Start of DATA SUPPLIED

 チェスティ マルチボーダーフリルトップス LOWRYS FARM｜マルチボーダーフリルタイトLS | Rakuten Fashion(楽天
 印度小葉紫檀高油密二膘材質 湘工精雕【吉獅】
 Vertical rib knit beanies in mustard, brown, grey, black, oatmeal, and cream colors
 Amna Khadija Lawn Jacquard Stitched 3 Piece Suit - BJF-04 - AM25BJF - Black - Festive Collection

End of DATA SUPPLIED
Start of DATA SUPPLIED

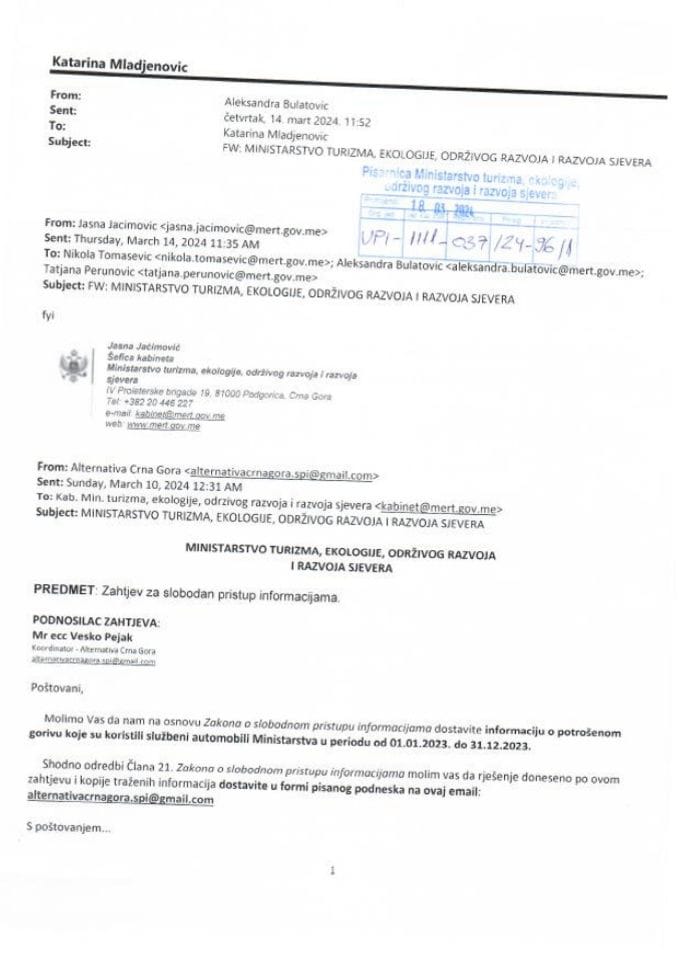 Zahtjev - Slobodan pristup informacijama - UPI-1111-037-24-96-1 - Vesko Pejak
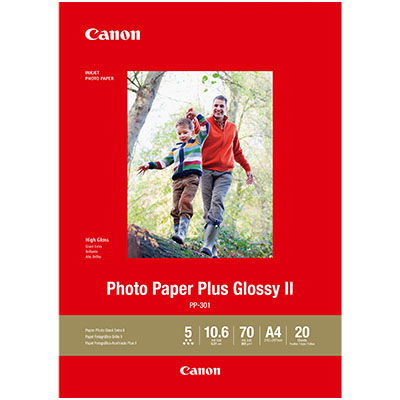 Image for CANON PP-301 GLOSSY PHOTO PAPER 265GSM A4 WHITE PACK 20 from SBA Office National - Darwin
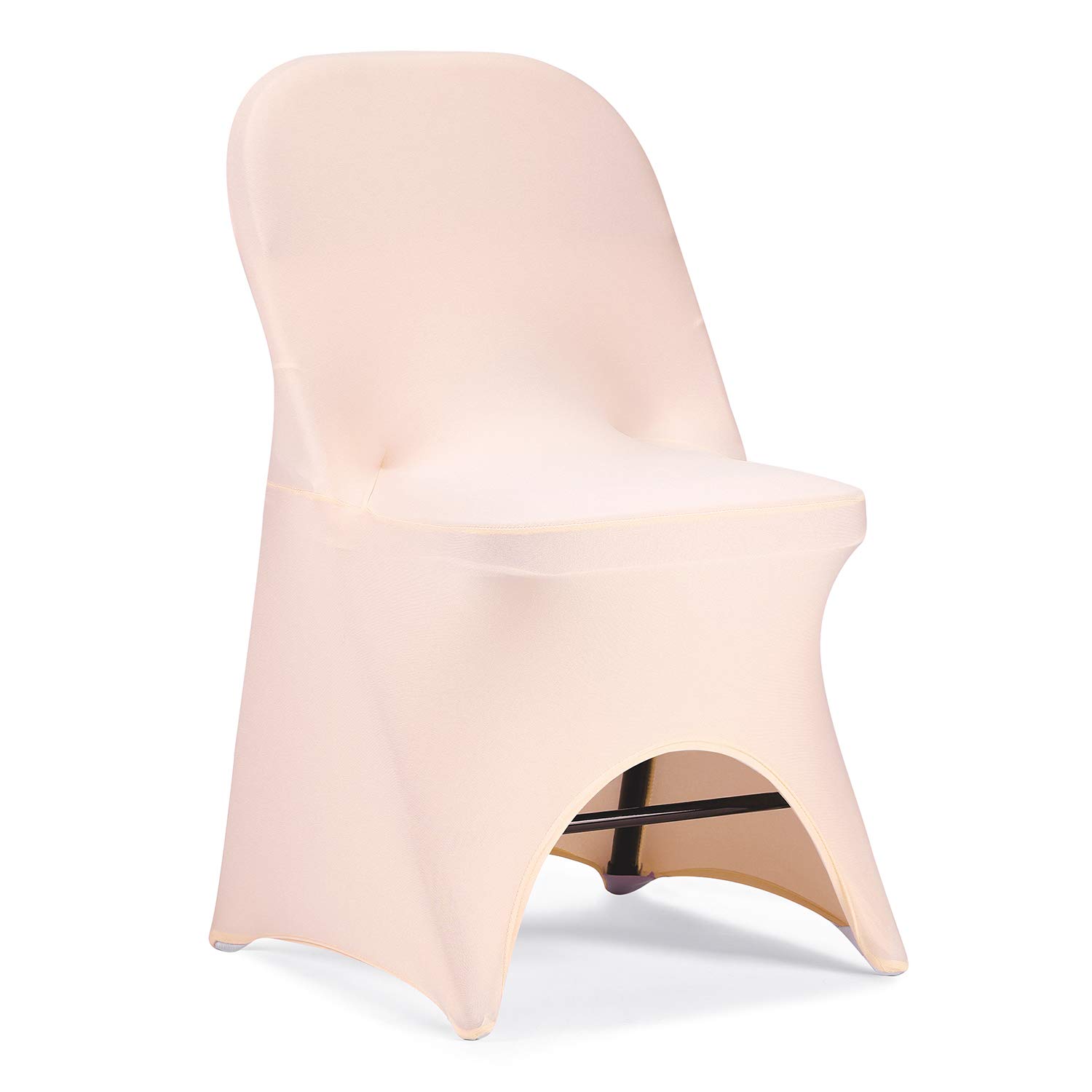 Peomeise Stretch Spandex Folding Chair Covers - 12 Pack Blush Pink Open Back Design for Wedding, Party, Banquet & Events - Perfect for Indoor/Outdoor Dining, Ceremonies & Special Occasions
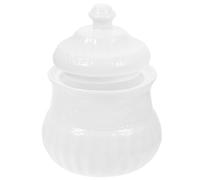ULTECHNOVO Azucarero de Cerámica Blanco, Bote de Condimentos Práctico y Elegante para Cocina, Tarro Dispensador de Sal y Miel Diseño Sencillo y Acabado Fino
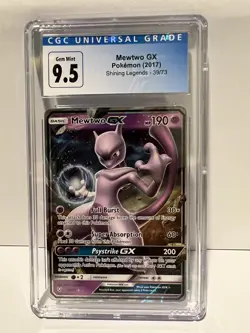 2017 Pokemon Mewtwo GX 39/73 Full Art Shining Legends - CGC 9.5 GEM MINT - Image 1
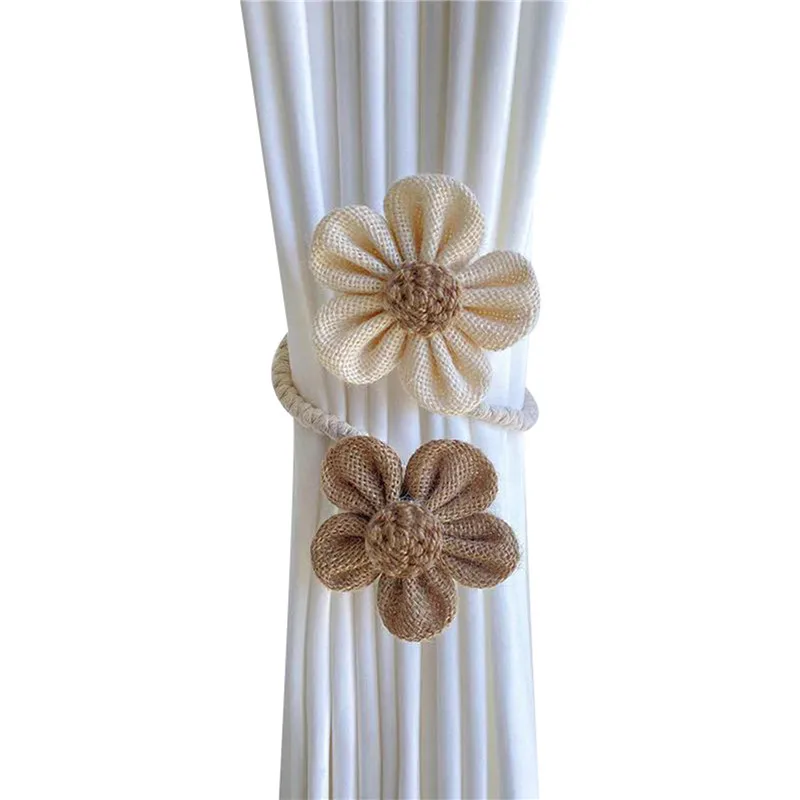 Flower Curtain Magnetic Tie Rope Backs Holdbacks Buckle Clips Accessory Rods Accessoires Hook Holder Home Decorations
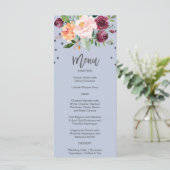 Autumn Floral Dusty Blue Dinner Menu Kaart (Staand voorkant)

End of DATA SUPPLIED

- WHAT IS BEING ASKED
Text only, no pictures: please print exactly the lines above from the line with "ULTECHNOVO Azucarero de" up to and including the line with "Autumn Floral Dusty", and nothing else.

- REPLY TO THE EXERCISE
ULTECHNOVO Azucarero de Cerámica Blanco, Bote de Condimentos Práctico y Elegante para Cocina, Tarro Dispensador de Sal y Miel Diseño Sencillo y Acabado Fino
 2017 Pokemon Mewtwo GX 39/73 Full Art Shining Legends - CGC 9.5 GEM MINT - Image 1
 Flower Curtain Magnetic Tie Rope Backs Holdbacks Buckle Clips Accessory Rods Accessoires Hook Holder Home Decorations
 Autumn Floral Dusty Blue Dinner Menu Kaart (Staand voorkant)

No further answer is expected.